It's the Chinese Year of the Rat. Maybe that explains it.

I got drenched to the skin as I slogged home, where I gave a tour de force performance of every expletive I know for Flip, who was hiding out in his earphones.

I felt angry. Violated. I was shocked that someone would do that.

Umbrellas are not costly. If she had asked me, I might have given it to her. But in stealing it during a rainstorm, she was clearly stating that she was more important than I, that she was more entitled to be dry even though I had the foresight to take my umbrella with me and she didn't.

It was the presumption of superiority that got me so fired up.

When we convince ourselves that we are better than someone else, made of finer cloth, more favored by God, we are setting ourselves back on our journey toward perfection because it is not about being The Best. It is about accepting that we are no more and no less important than all other beings.

We seem to live increasingly in a "Me-First" world in which people are out for themselves and believe that no one else matters. Gentleness is perceived as weakness and charity begins and ends at home.

We are here to support each other with kindness and even love, if possible, because we really are all in the soup together. But every time we feel more deserving than someone else, we are heading down a slippery slope and may soon find ourselves stealing umbrellas.

Umbrella stolen
You thought I wouldn't notice?
You are dead to me.

Buddhism aside
Lotus blossom up your ass
I feel better now.

Thursday, February 21, 2008

I'm Just Tired, Not Dead

Today I received an invitation in the mail to be cremated.

How lovely.

I have never heard of the Trident Society before and don't know these people, yet they addressed me as "Susan." It makes me uneasy that they got my name off some list which indicates that I am ready to die.

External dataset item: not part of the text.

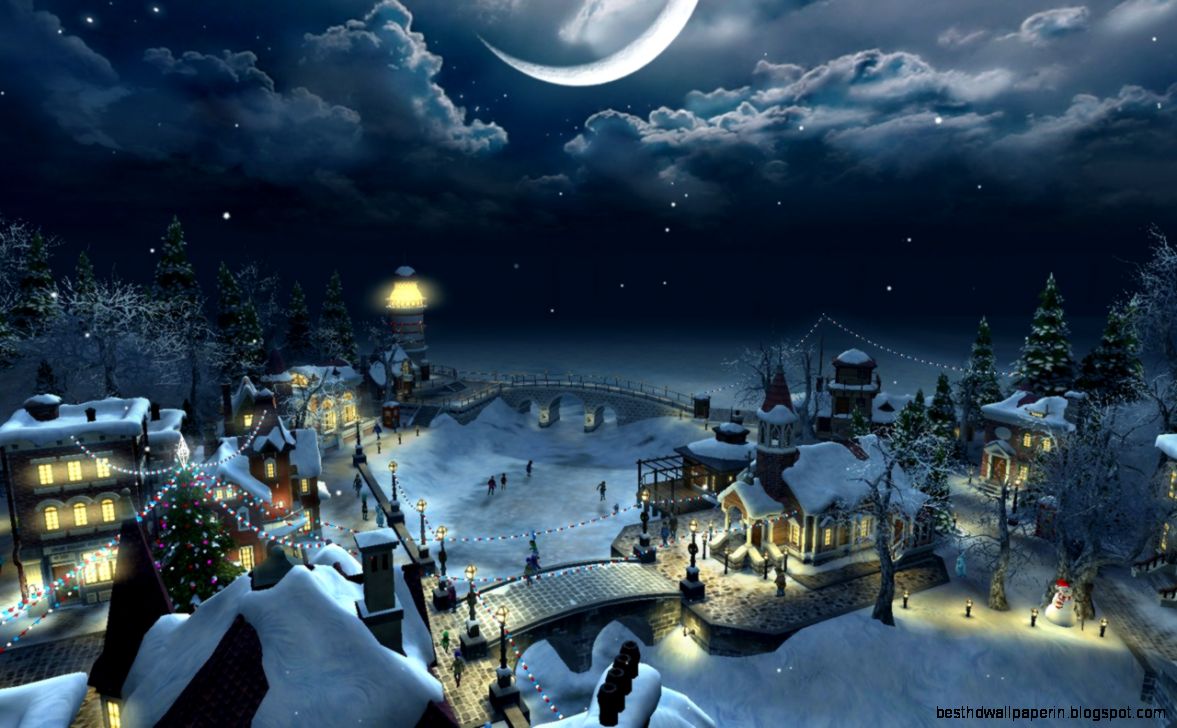 Christmas Night Scenery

"Simple, Economical and Dignified...
that's our motto!"

Among the many advantages to making my arrangements now, they assure me that I will lock in today's price as well as protect my family from falling victim to pressure to overspend (also known as "up selling) at a time when they are emotionally vulnerable.

"Cremation just makes sense. If you are not interested in spending your family's inheritance on embalming, caskets, vaults, markers, fancy funeral homes or cemetery property, then we have the answer!"

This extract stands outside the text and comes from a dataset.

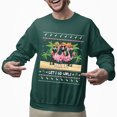 thumbnail image 2 of Christmas Sweatshirt, Let's Go Girls Flamingo Trip Sweatshirt, Cute Tropical Bird Group Holiday Jumper, Best Friend Gift for Her, 2 of 5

Did you know that "over 50% of Californians have selected cremation as their preference?"

Neither did I.

Actually, I would prefer to live forever.

The Trident Society, which sounds like toothpaste or chewing gum, would simply like my permission to provide me with information on pre-need plans if cremation is my choice too.

The return envelope does not require postage. It's only fair -- they want my body.

I would definitely lean toward cremation if images of Joan of Ark and all the Salem witches were not inflaming my mind. The idea of being buried in the ground is odious because while I am not particularly claustrophobic now, I am sure that I would be in a box six feet under.

You know, there's always a payoff. We are born, we have a wonderful body which protects us against the elements, takes care of our needs and provides endless pleasures during the course of our lifetime. And then at the end, we have to arrange for its disposal.

It's not right.

I have always imagined being buried at sea as long as I am actually and completely dead before it happens. It charms me to think of becoming part of the food chain. And perhaps my family could combine dropping off Mom with a nice cruise to Hawaii.

Wednesday, February 20, 2008

Ain't Nobody's Business If I Do

I just received a recorded message from the Protect Marriage Coalition of California Voters asking that I sign a petition stating that marriage is between a man and a woman.

I hung up.

It is none of my business if two men or two women decide to marry. This represents no threat to me and has zero effect on my marriage to a man.

It's just meanness to deny people the right to seek happiness in their own way when it hurts no one. We would all be better off if we kept our noses out of other people's business in general and their relationships in particular.

It has been said that you cannot legislate love, which is usually cited as a rationale for vicious racist laws.

However, in the realm of marriage, you really can't. And shouldn't. People love whom they love, and no government or religion has the right to mess with it, in my view.

Years ago, I saw a powerful movie, "The Crying Game," which made me realize that we fall in love with a person's soul and that gender is secondary.

Most of us seek potential partners of one sex or the other. (In the 70's, everyone seemed to be bisexual and since I was not, I felt inadequate.)

As a heterosexual person, it has never occurred to me to fall in love with another woman. But those who do should have the same rights I have.

If passed, the Protect Marriage Amendment would add new language to the State constitution:

“Only marriage between a man and a woman is valid or recognized in California.”

People who live together and care for one another should be afforded the full rights of marriage, which include not only recognition that their union is valid, but health insurance benefits not presently available to them as they are to opposite sex domestic partners.

It is wrong to consider anyone a lesser being, and to arbitrarily treat their love as invalid.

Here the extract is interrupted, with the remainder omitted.